A twisted hypergeometric series $\sum_{n=1}^\infty\frac{H_n}{n}\left(\frac{(2n)!}{4^n(n!)^2}\right)^2$

Question

Question. I was given that $$S=\sum_{n=1}^\infty\frac{H_n}{n}\left(\frac{(2n)!}{4^n(n!)^2}\right)^2=\frac{32}\pi G\ln2+\frac{64}\pi\Im\operatorname{Li}_3\left(\frac{1+i}2\right)-2\ln^22-\frac53\pi^2$$ where $H_n$ harmonic numbers, $G$ Catalan and $\operatorname{Li}_n$ polylogarithm. How can it be proved?

My Approach. Using $\int_0^1x^{n-1}\ln(1-x)dx=-\frac{H_n}n$ one have $$S=\int_0^1-\ln(1-x)\sum_{n=1}^\infty\left(\frac{(2n)!}{4^n(n!)^2}\right)^2x^{n-1}dx =\int_0^1-\ln(1-x)\left(\frac2\pi\frac{\mathbf{K}(x)}x-\frac1x\right)dx$$ where $\mathbf{K}$ denotes elliptic integral of the first kind.
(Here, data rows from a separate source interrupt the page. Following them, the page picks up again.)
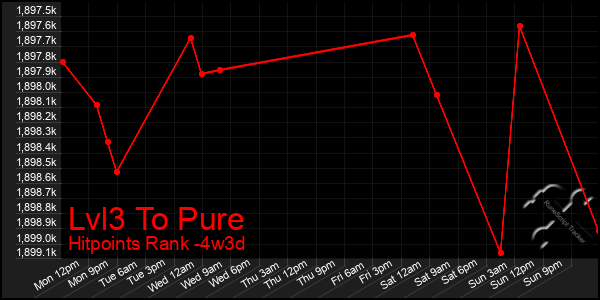 Last 31 Days Graph of Lvl3 To Pure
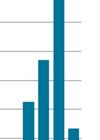 Årets varseltal överträffas endast av a toppnoteringen från år 2009, då 2 277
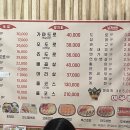 신촌 연어초밥 도로초밥 맛집 &#39;여우골초밥&#39; 다녀온 후기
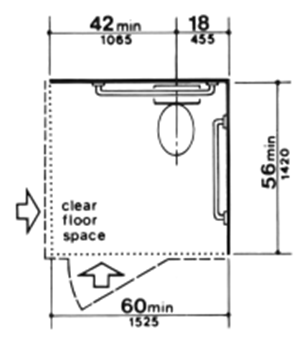 For a side transfer to the water closet, the minimum clear floor space is a minimum of 60 inches (1525 mm) in width by a minimum of 56 inches (1420 mm) in length.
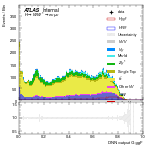 [em+me]-CutGGF2j_SR-multiDNNoutputG_ggF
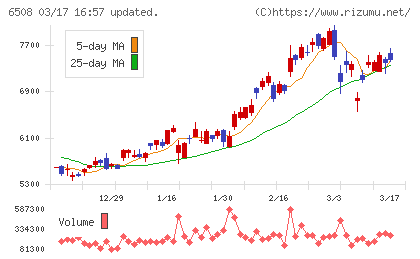 明電舎チャート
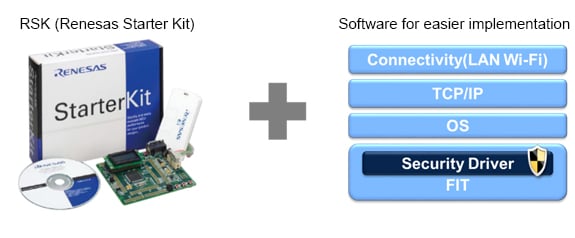 rx-security-fig3-en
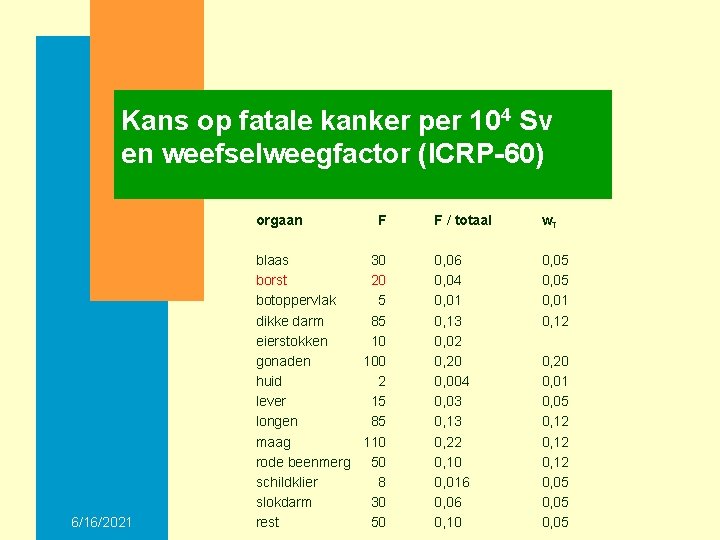 Kans op fatale kanker per 104 Sv en weefselweegfactor (ICRP-60) orgaan 6/16/2021 F blaas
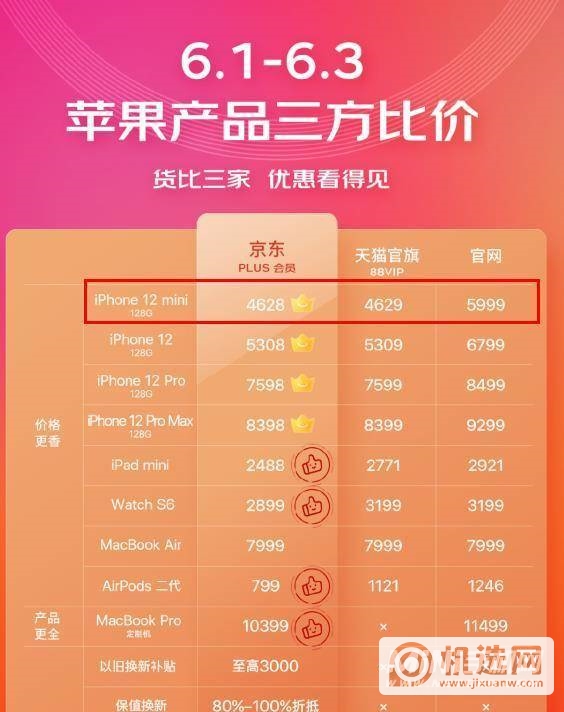 618iPhone12mini能便宜多少-iPhone12mini最低售价是多少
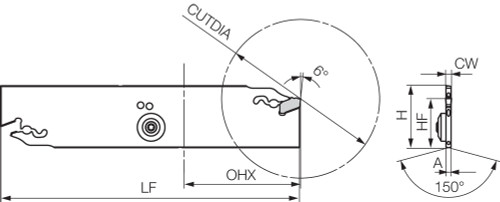 KPKB 325JCT, Cut-Off Blade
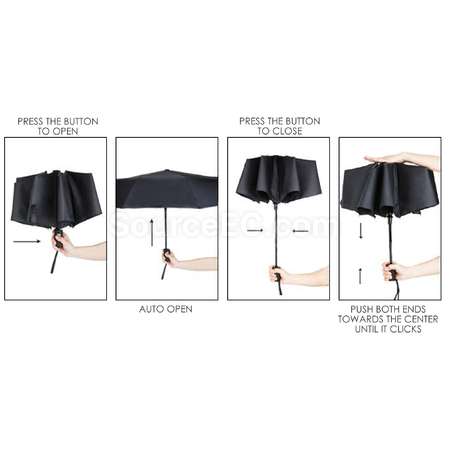 Customization Auto-Folding Umbrella Corporate Gifts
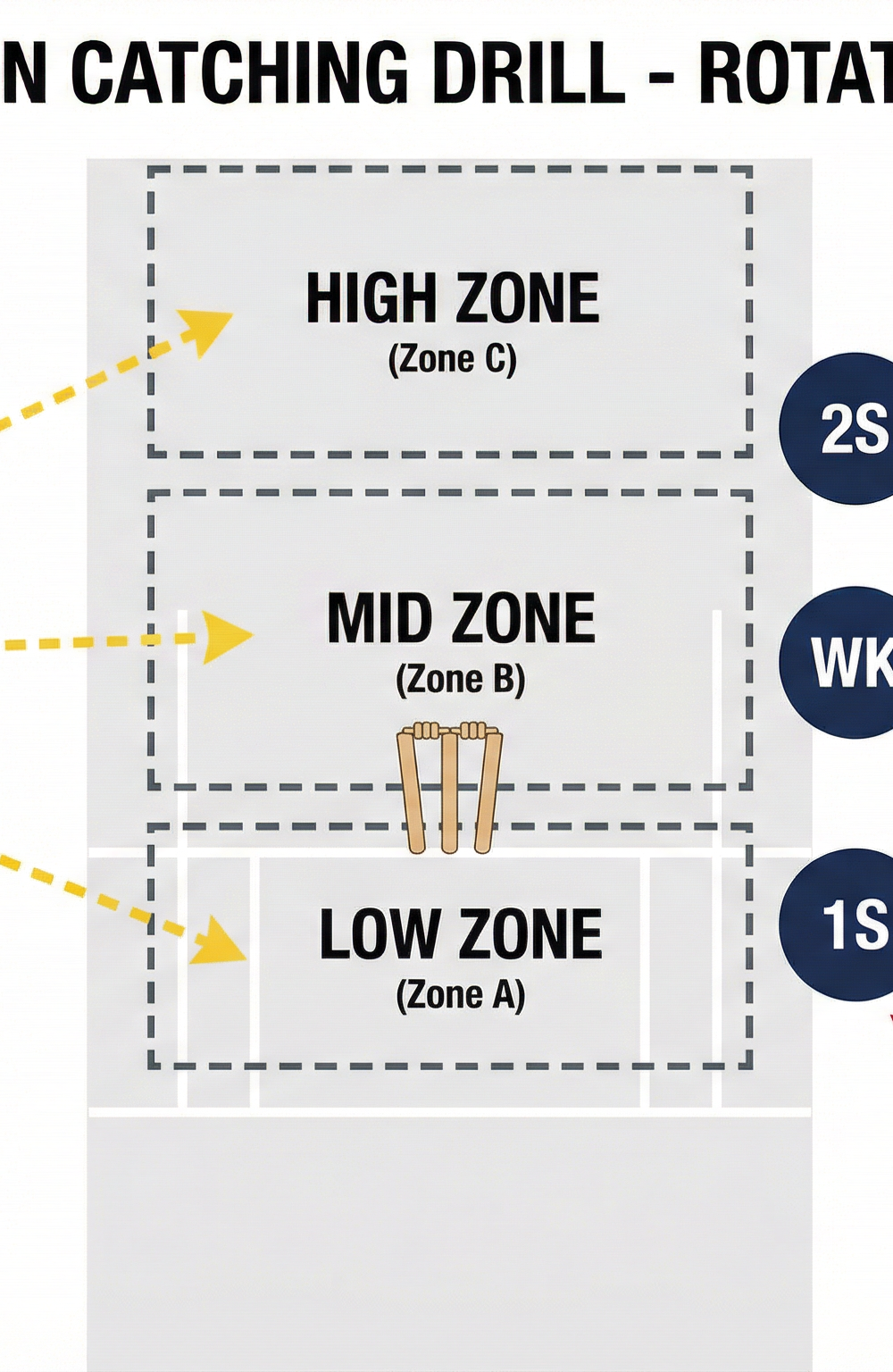 Tactical diagram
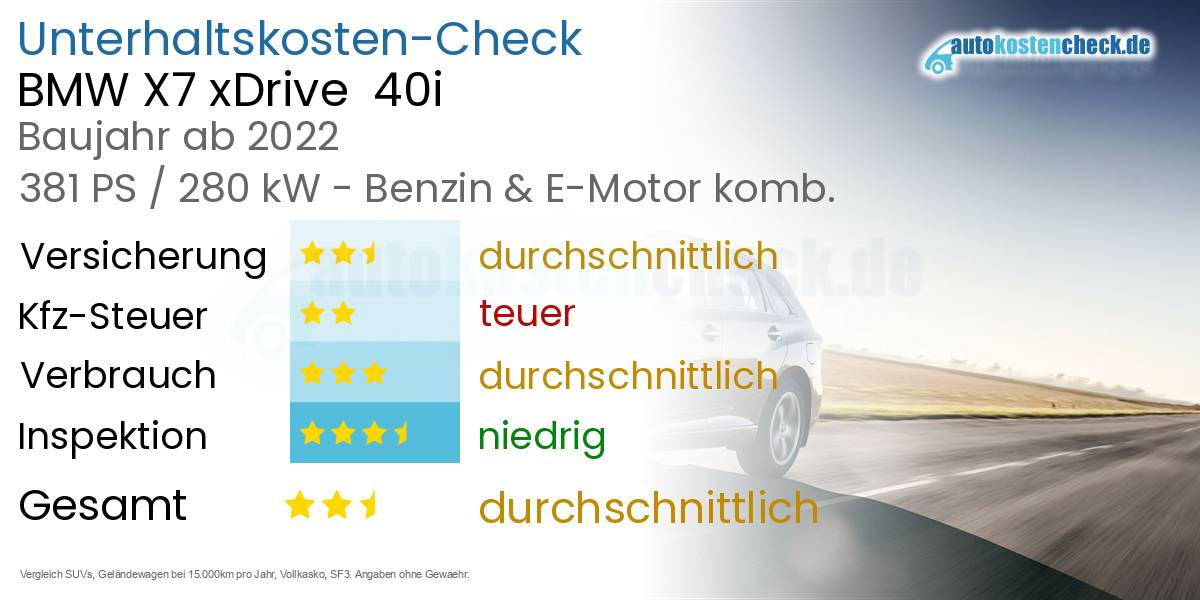 Unterhaltskosten BMW X7 xDrive  40i 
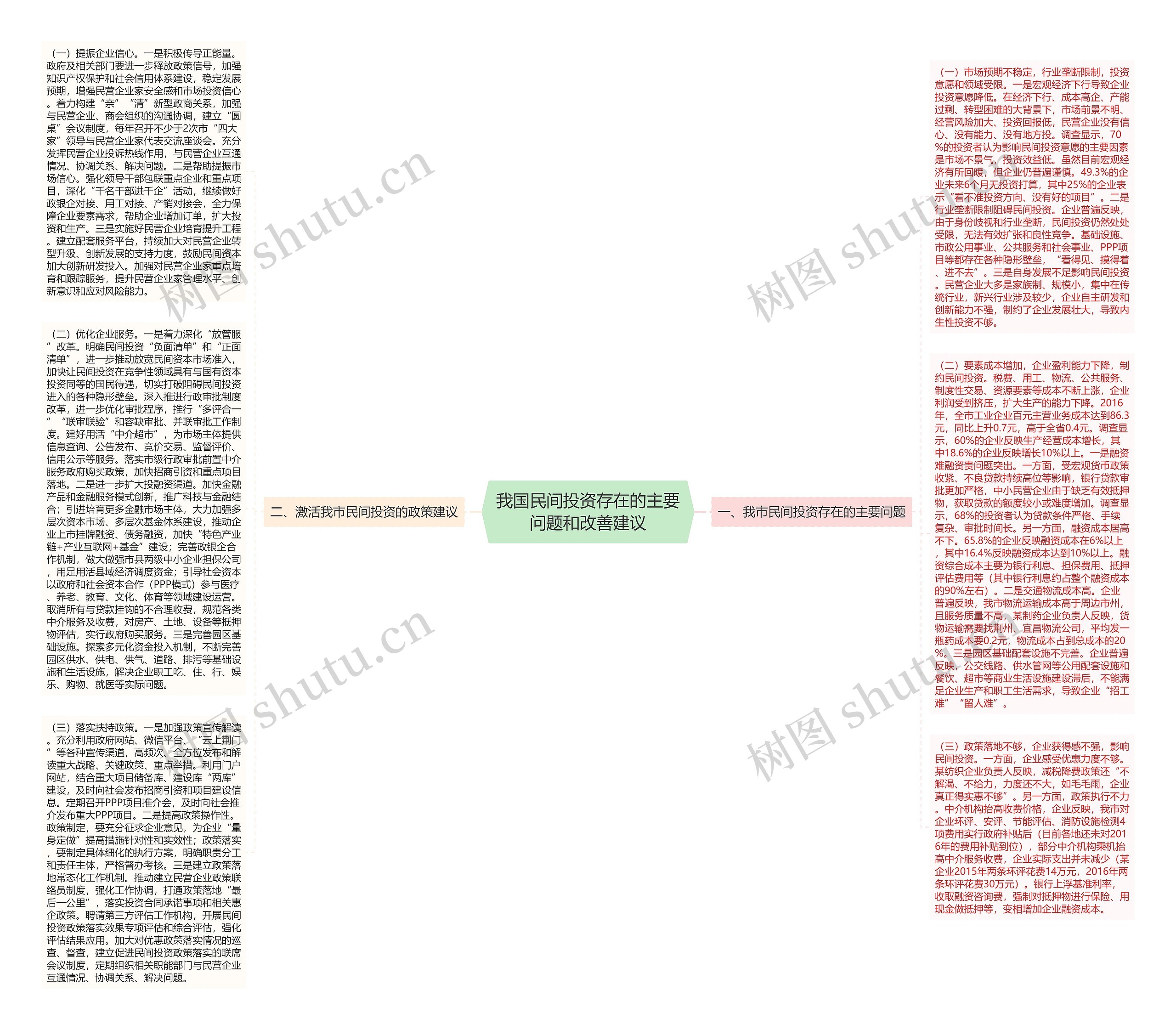 我国民间投资存在的主要问题和改善建议思维导图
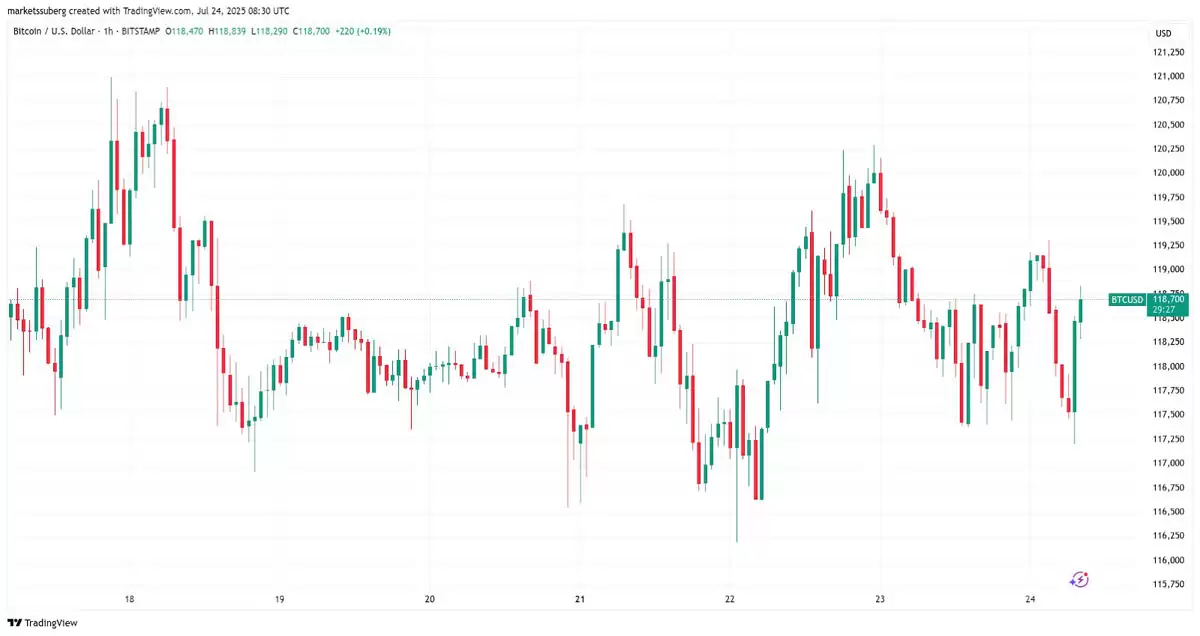 比特币因 巨大空头挤压 而上涨，BTC主导地位反弹至62%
The question boils down to finding $$\int_0^1\frac{\mathbf{K}(x)\ln(1-x)}xdx$$ For this integral, I tried to use the integral representation of the elliptic integral and got: $$\int_{(0,1)^3}\frac{dxdydz}{\sqrt{1-y^2}\sqrt{1-xy^2}(zx-1)}$$ This is the furthermost step I can get.

Answer 1

One have FL expansion $$\small K(x)=\sum _{n=0}^{\infty } \frac{2 P_n(2 x-1)}{2 n+1},\ \ \frac{\log (1-x)}{x}=\sum _{n=0}^{\infty } 2 (-1)^{n-1} (2 n+1) P_n(2 x-1) \left(\sum _{k=n+1}^{\infty } \frac{(-1)^{k-1}}{k^2}\right)$$ Thus by orthogonal relation of Legendre polynomial and series-integral conversion one have: $$\int_0^1 \frac{K(x) \log (1-x)}{x} \, dx=16 \int_0^1 \frac{\log (x) \tanh ^{-1}(x)}{x^2+1} \, dx$$ RHS has a polylogarithmic primitive (up to trilog) hence trivial.